Stability AI Launches Next-Generation Image Generation Model

2024-10-23

After navigating a series of controversies caused by technical glitches and licensing changes, AI startup Stability AI has unveiled its latest image generation model series, Stable Diffusion 3.5.

The Stable Diffusion 3.5 series offers enhancements in customization, versatility, and performance over Stability AI's previous technologies. This series comprises three models:

  • Stable Diffusion 3.5 Large: Featuring 8 billion parameters, this is the most powerful model in the series, capable of generating images with resolutions up to 1 million pixels. Generally, a higher number of parameters correlates with better problem-solving capabilities and enhanced model performance.
  • Stable Diffusion 3.5 Large Turbo: A streamlined version of Stable Diffusion 3.5 Large, it offers faster image generation speeds at the expense of some quality.
  • Stable Diffusion 3.5 Medium: Optimized for edge devices such as smartphones and laptops, this model can generate images with resolutions ranging from 250,000 to 2 million pixels. It is scheduled for release on October 29.

Stability AI claims that the Stable Diffusion 3.5 series is capable of producing more diverse outputs, generating images of individuals with varying skin tones and features without the need for extensive prompts.

In an interview, Stability AI's Chief Technology Officer, Hanno Basse, stated that during training, each image was accompanied by multiple versions of prompts, with shorter prompts being prioritized. This approach ensures a more extensive and diverse distribution of image concepts for any given text description. Like many generative AI companies, Stability AI's training data comprises curated publicly available datasets and synthetic data.

Stability AI's predecessor flagship image generator, Stable Diffusion 3 Medium, faced widespread criticism for unusual artifacts and poor adherence to prompts. The company cautions that the Stable Diffusion 3.5 series models may exhibit similar prompt-related errors due to engineering and architectural trade-offs. However, Stability AI also asserts that these models are more robust than their predecessors in generating images across various styles, including 3D art.

The Stable Diffusion 3.5 series models are available for free for non-commercial purposes, including research. Businesses with annual revenues below $1 million may also commercialize them at no cost. However, organizations with annual revenues exceeding $1 million are required to enter into an enterprise licensing agreement with Stability AI.

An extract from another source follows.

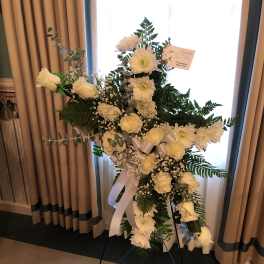 White floral standing spray on an easel with ribbon accents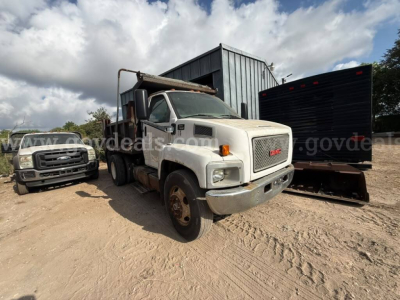 GMC dump truck in yard showing front grille, white cab, and dump bed with rust; gravel ground and other vehicles in background.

This summer, Stability AI sparked controversy over stringent fine-tuning terms that appeared to grant the company the authority to charge for models trained using its image generators. After facing strong opposition, the company revised these terms to permit more flexible commercial usage. Stability AI reiterated that users retain ownership of the media generated using its models.

The Stable Diffusion 3.5 Large and 3.5 Large Turbo models can be self-hosted or accessed through Stability AI's API as well as third-party platforms such as Hugging Face, Fireworks, Replicate, and ComfyUI. Stability AI announced plans to release ControlNets for these models in the coming days to facilitate fine-tuning.

Like most AI models, Stability AI's models are trained on publicly available web data, some of which may be copyrighted or subject to restrictive licenses. Stability AI and many other AI providers contend that the principle of fair use shields them from copyright infringement claims. However, this has not prevented data owners from initiating an increasing number of class-action lawsuits.

Stability AI requires customers to handle copyright claims independently and, unlike some other providers, does not include indemnification clauses in cases where it is found liable. However, Stability AI permits data owners to request the removal of their data from its training datasets. As of March 2023, artists have removed 80 million images from Stable Diffusion's training data.

When asked about information security measures for the upcoming U.S. elections, Stability AI stated that it has taken and will continue to implement reasonable measures to prevent the misuse of Stable Diffusion by malicious actors. However, the company declined to disclose specific technical details regarding these measures.